Ma per altri, la cosa eccezionale di lui era la magnanimità del cuore: che quando gli indiani furono scoperti da Cristoforo Colombo e quando Alessandro inviò il nuovo pastore e apostolo delle Indie, D. Bueil catalano [Bernal Boyl benedettino, 1493] con dodici compagni a predicare il Vangelo di Cristo, e scelse uomini dotti dagli Ordini religiosi per accompagnarlo, anche Antonio, non dimentico del Beato Filppo che, al tempo di Clemente IV, cogliendo la stessa occasione, portò l’Ordine dei Servi agli Orientali, generoso imitatore e emulo, avuta l’opportunità, studiò di inviare gli uomini eccellenti del suo Ordine a predicare la Parola divina, affinché si estendesse anche attraverso quelle sponde occidentali.
Tutto ciò abbatté il generoso Generale per il frequente pensare e, non so per quale presagio avverso e per nostra pesante iattura, dopo undici anni e mezzo e quattordici giorni di ottimo governo, l’8 dicembre 1495, tra Vigevano e Milano, che attraversava, fu preso da improvvisa malattia e purtroppo travolto da morte improvvisa in un ospedale straniero.

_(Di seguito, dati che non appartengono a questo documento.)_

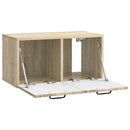 Væghængt TV-skab Sonoma-eg 59,5 x 31 x 30 cm Konstrueret træ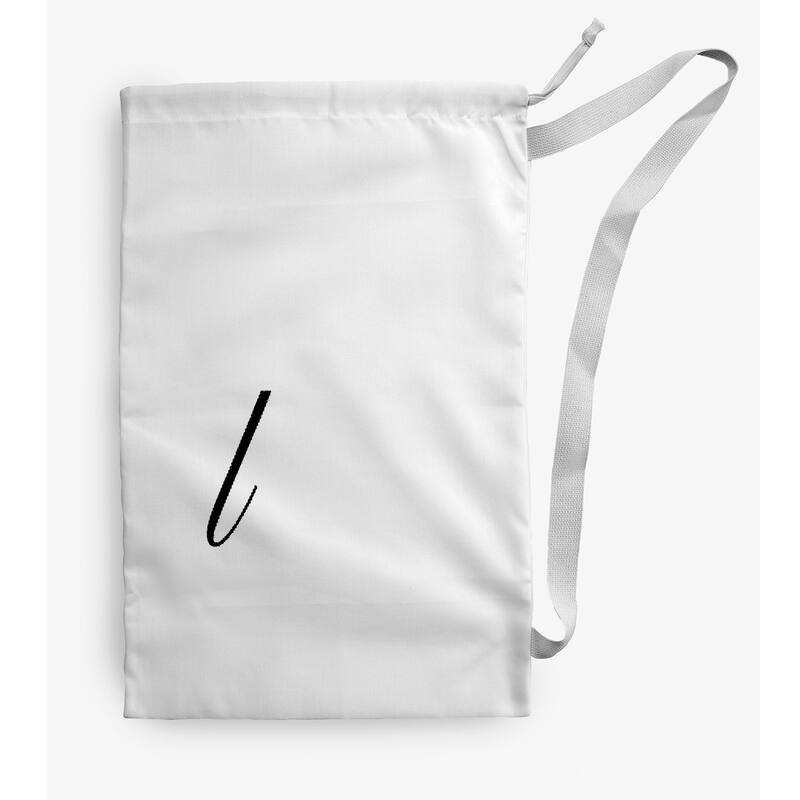 Modern Monogram Laundry Bag - 18" x 29"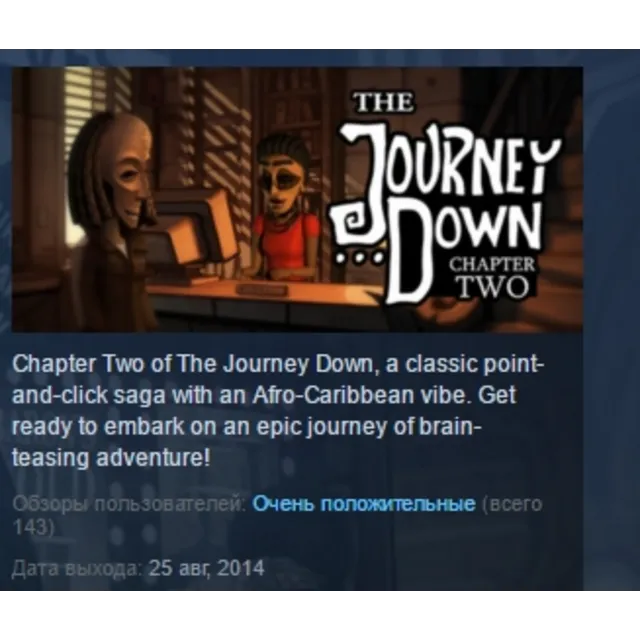 The Journey Down Chapter Two STEAM REGION FREE GLOBAL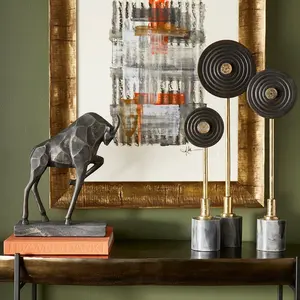 Escultura de Animales de Aluminio de Diseño Artesanal, Arte Contemporáneo, Figura Antigua Chapada en Oro, Decoración de Mesa Moderna, China - Product Image 4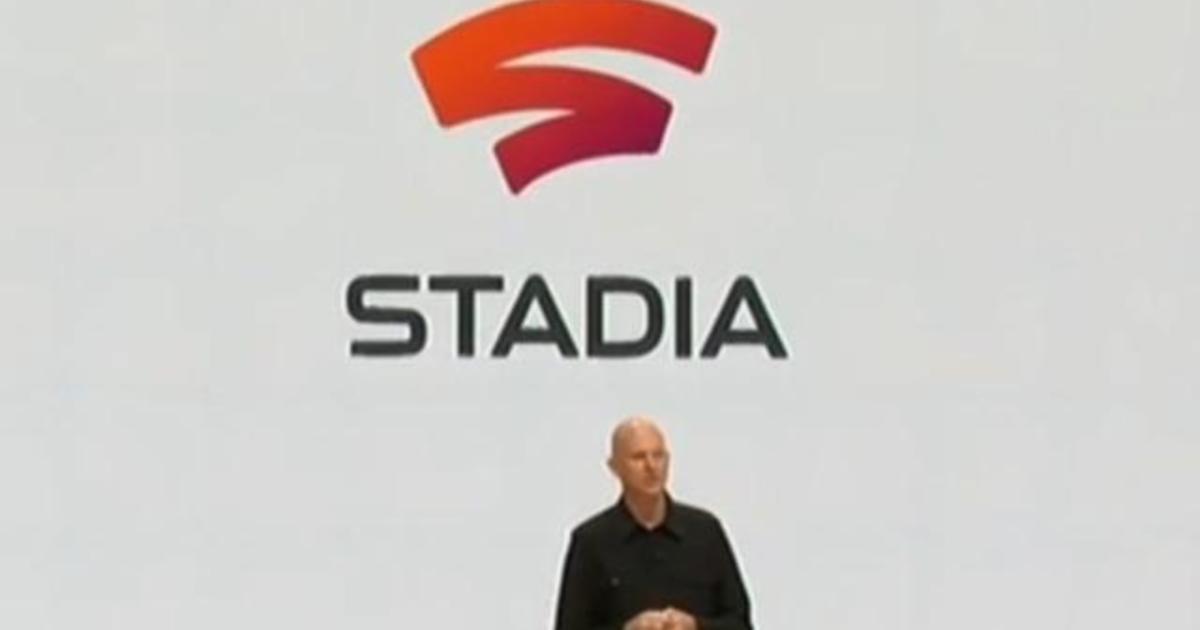 Google Stadia Introduced Today New Cloud Based Google Gaming - google stadia introduced today new cloud based google gaming platform and controller does not requi!   re a console cbs news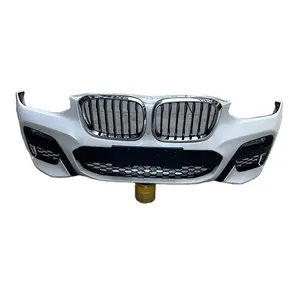 Реальный автомобильный бампер для BMW X3 G01 обновленный X3M передний бампер для автомобиля обвес комплект OE 51118091971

Dunque non troverete nessuno che dopo il Beato Filippo e fino a questi tempi sia stato pari al Generale Antonio quando fu sorpreso da un evento così disastroso mentre svolgeva il suo ufficio; e non c’è nemmeno uno dei nostri scrittori che non lo esalti con meravigliose lodi e nemmeno uno che lo biasimi.
E ci sia lecito essere gli ultimi a pronunciare un giudizio su Alabanti per quanto abbiamo dedotto finora. Era dotato della più alta scienza, adorno di incredibile prudenza, vigile e sollecito, vigoroso nello spirito, ma nel curare, confortare e ampliare la Religione, a nessuno era secondo, io credo”.
Paola Ircani Menichini, 22 settembre 2023.